> Recorded data:

Segment Open

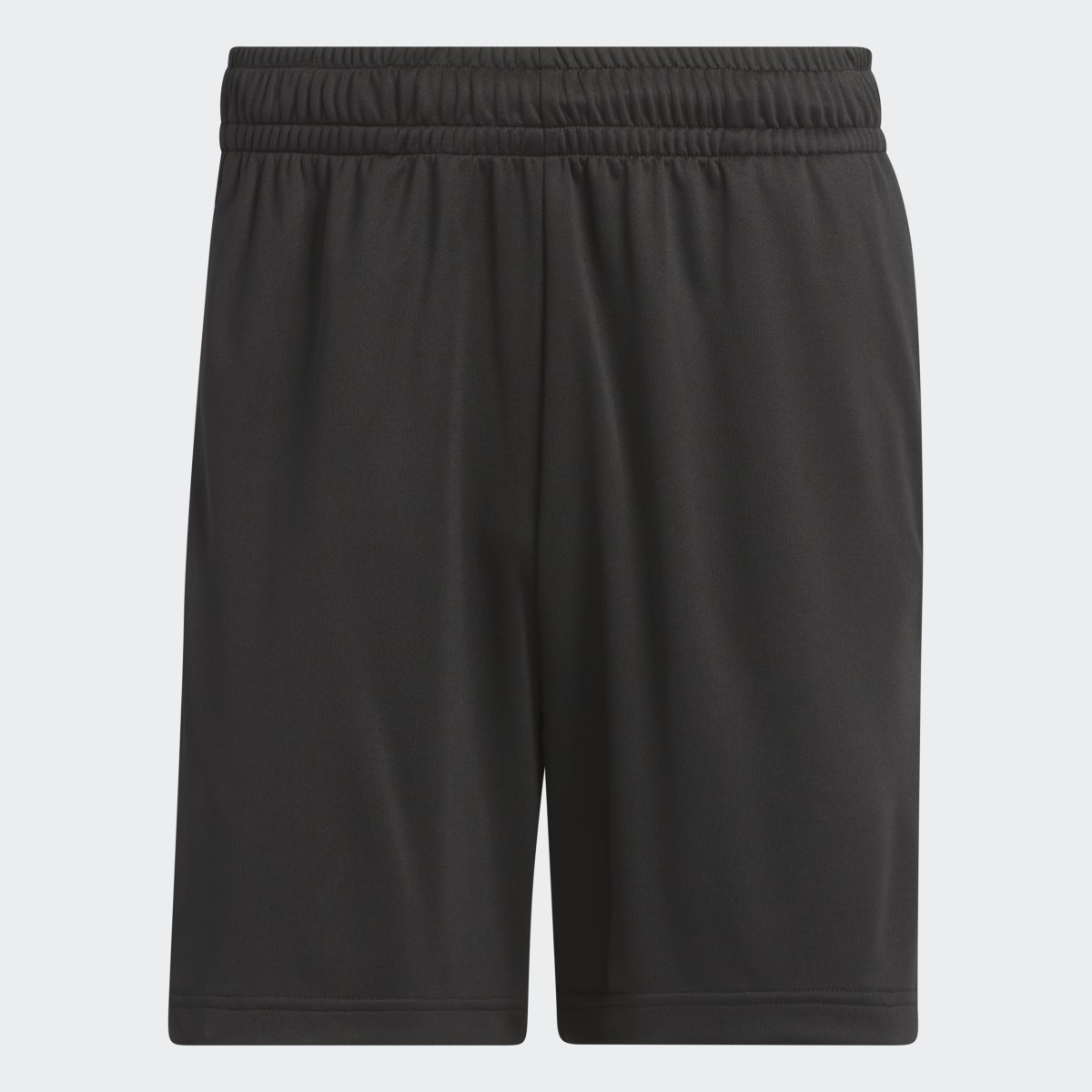 Adidas Shorts de Básquet Legends 3 Franjas. 4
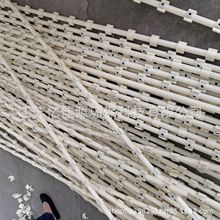 25mm�ο�Ĥ�ؚ��� ����V�� �ؚ����ο�Ĥ �՚�Uɢ�� �ο�Ĥ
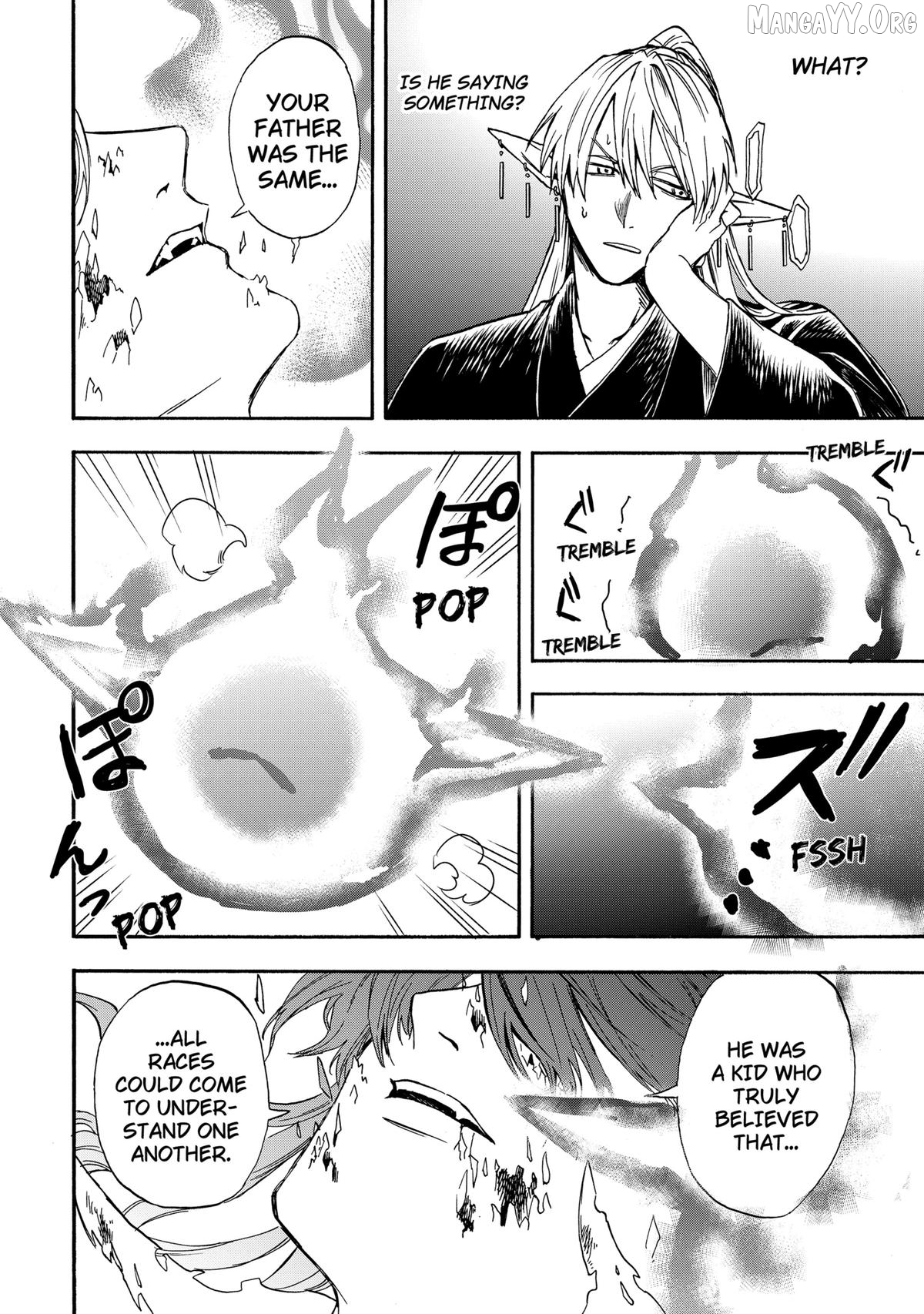 Yuusha Izoku Chapter 10 page 4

Segment Closed

> Work order:
This exercise asks for the data above to be given again exactly, without pictures.

> Output of the exercise:
 Adidas Shorts de Básquet Legends 3 Franjas. 4
 25mm�ο�Ĥ�ؚ��� ����V�� �ؚ����ο�Ĥ �՚�Uɢ�� �ο�Ĥ
 Yuusha Izoku Chapter 10 page 4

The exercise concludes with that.